Hacker News new | ask | show | jobs
by Usu 997 days ago
I'd be interested in knowing how good it is at solving visual captchas, do we foresee a huge rise in automated bypasses?
2 comments

Solving CAPTCHAs at the moment is more inexpensive using humans than using GPT-4 API.
If true, this is wild.

I suppose a human could spend 10 seconds per Captcha, so they could do 360 per hour. Add some overhead for not being operating at peak performance every minute of every hour & call it 250. Let's say you can hire someone for $2, that works out to a bit over a penny per Captcha.

I don't think OpenAI has published pricing for GPT-4 Vision yet, but if we assume it's on par with GPT-4, and uses only 1000 of the 8000 possible tokens to process an image that's 3 cents per Captcha.

Doesn't seem completely unreasonable that at-scale humans may actually be cheaper than LLMs at this point. My mind is a little blown.

You'd be surprised, or perhaps horrified, by how cheap (self-proclaimed) human-based captcha solving services are.

If you just search for "captcha solving service" the first few results that come up offer 1000 solves of text-based captchas for <= $1 USD, (puzzle / JS browser challenge captchas are charged much higher).

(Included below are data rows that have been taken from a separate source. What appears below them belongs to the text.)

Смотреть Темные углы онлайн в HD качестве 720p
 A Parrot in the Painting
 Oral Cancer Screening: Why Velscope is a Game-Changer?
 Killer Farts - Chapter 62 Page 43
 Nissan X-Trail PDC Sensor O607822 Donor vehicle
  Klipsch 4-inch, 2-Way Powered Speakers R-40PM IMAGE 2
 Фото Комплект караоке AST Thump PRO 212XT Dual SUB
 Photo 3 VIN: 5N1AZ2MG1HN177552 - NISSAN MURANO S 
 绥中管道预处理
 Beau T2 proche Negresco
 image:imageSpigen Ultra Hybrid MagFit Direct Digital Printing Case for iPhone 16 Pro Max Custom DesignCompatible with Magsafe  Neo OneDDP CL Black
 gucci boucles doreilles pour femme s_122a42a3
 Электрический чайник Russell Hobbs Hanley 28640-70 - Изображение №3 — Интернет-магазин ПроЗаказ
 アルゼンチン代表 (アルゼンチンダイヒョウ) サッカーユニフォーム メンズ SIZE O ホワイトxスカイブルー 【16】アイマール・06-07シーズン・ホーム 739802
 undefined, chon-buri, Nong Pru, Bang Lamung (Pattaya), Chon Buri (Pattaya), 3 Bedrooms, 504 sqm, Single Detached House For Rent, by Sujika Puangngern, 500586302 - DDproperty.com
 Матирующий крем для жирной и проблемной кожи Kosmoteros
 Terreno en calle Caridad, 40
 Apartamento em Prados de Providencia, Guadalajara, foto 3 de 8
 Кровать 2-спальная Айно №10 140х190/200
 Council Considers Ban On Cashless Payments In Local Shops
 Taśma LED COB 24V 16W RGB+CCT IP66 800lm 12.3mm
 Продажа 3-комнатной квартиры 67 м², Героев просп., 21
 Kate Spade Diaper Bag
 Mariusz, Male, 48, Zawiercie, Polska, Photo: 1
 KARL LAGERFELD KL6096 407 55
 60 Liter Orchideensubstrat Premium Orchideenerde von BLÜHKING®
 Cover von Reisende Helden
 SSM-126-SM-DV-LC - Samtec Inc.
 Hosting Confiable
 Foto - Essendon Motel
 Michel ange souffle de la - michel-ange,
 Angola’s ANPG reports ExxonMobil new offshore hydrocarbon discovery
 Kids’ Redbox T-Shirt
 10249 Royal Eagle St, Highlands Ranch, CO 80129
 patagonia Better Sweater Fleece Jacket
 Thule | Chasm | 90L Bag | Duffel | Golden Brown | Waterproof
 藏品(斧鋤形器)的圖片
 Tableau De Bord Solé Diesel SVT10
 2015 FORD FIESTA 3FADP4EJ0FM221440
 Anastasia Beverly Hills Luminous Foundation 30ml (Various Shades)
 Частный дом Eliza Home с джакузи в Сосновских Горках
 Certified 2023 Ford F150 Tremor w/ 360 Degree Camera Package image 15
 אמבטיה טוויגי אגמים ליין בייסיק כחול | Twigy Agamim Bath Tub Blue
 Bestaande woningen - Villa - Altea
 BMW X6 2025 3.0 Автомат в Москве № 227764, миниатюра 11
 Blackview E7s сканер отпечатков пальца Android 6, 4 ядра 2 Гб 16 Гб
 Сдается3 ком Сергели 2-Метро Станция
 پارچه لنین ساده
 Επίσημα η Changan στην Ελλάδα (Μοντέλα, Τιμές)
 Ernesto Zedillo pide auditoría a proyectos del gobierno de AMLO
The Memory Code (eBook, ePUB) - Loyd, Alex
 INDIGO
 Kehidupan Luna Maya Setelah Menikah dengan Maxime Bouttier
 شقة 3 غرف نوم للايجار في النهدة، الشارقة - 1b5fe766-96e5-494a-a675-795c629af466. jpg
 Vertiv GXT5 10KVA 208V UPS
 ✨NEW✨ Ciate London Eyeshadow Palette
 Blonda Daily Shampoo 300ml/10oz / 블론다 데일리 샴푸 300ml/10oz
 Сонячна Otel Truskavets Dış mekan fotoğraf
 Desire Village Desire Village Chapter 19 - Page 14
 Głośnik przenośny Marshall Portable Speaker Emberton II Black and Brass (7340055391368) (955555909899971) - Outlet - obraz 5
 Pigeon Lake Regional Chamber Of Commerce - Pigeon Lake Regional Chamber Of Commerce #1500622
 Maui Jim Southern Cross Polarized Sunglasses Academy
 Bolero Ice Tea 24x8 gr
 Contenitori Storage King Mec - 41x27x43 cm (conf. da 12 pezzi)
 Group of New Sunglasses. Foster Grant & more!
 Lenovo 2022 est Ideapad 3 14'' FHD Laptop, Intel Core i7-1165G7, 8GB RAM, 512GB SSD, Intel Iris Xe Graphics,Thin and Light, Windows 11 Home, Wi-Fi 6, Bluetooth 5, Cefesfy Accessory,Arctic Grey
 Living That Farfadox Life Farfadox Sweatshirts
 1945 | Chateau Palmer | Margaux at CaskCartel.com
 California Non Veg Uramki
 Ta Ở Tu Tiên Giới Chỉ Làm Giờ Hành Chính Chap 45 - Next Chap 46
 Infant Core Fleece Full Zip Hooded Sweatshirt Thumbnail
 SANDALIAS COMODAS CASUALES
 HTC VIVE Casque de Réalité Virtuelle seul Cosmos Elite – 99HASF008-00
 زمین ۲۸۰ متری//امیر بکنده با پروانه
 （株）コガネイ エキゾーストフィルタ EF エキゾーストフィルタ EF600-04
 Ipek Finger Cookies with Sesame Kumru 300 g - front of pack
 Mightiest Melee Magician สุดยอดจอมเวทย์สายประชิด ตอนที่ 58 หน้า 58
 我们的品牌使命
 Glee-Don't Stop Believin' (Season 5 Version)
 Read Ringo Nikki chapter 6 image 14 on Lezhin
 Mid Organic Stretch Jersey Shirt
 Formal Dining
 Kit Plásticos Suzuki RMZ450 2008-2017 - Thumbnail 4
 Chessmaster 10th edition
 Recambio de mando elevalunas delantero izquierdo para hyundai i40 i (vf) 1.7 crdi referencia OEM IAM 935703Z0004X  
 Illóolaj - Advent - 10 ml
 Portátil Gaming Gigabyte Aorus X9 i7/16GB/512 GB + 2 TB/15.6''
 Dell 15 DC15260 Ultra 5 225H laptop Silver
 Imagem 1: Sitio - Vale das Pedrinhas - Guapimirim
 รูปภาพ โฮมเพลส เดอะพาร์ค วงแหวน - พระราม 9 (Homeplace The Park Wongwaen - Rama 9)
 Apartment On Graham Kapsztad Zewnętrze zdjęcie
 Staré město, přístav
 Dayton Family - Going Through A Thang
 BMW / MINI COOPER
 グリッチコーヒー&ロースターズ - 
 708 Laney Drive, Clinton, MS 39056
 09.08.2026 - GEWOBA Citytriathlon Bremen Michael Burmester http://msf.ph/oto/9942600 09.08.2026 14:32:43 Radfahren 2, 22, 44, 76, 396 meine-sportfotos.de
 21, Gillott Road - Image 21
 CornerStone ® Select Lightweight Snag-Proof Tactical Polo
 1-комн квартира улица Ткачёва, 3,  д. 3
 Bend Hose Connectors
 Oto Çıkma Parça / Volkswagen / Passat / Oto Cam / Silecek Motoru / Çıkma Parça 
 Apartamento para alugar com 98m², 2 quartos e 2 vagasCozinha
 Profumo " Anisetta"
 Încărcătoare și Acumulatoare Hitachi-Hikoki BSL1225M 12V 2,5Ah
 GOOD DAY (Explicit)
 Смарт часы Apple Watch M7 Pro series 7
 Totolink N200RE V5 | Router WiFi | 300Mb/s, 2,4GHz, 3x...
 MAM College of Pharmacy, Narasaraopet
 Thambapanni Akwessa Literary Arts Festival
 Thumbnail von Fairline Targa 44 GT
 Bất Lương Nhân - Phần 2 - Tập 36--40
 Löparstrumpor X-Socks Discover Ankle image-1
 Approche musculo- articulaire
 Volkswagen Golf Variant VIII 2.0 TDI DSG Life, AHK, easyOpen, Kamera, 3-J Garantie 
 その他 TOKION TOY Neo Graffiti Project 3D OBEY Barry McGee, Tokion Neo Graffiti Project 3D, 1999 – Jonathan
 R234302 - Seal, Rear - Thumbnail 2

Whether these are actually human based, or just impressive OCR services, it seems like they are still much more cost effective than GPT-4 is for now.

I imagine they are a mix.
The way these work is usually presenting an existing captcha to another human who doesn’t even know they’re solving the captcha. For example, sites hosting pirated content serve fake captchas as a way to make money.
We have just added a section on this! TL;DR: GPT-4V isn't great at this task at the moment :)
Back when they leaked it via a Discord bot I found it worked better when you ask it to first describe each box

Without doing that: https://cdn.discordapp.com/attachments/964175221089259591/11...

With it: https://cdn.discordapp.com/attachments/964175221089259591/11...

(though it's only one example so it could be coincidence)

Is it possible they hobbled it a bit? I know CAPTCHA solving was one of the reasons they delayed the roll-out of this feature.
Given that it fails by hallucinating the structure of the challenge instead of refusing to solve a CAPTCHA, I doubt they've intentionally reduced the capability. Although the example in your sibling comment implies it should have enough information to do it.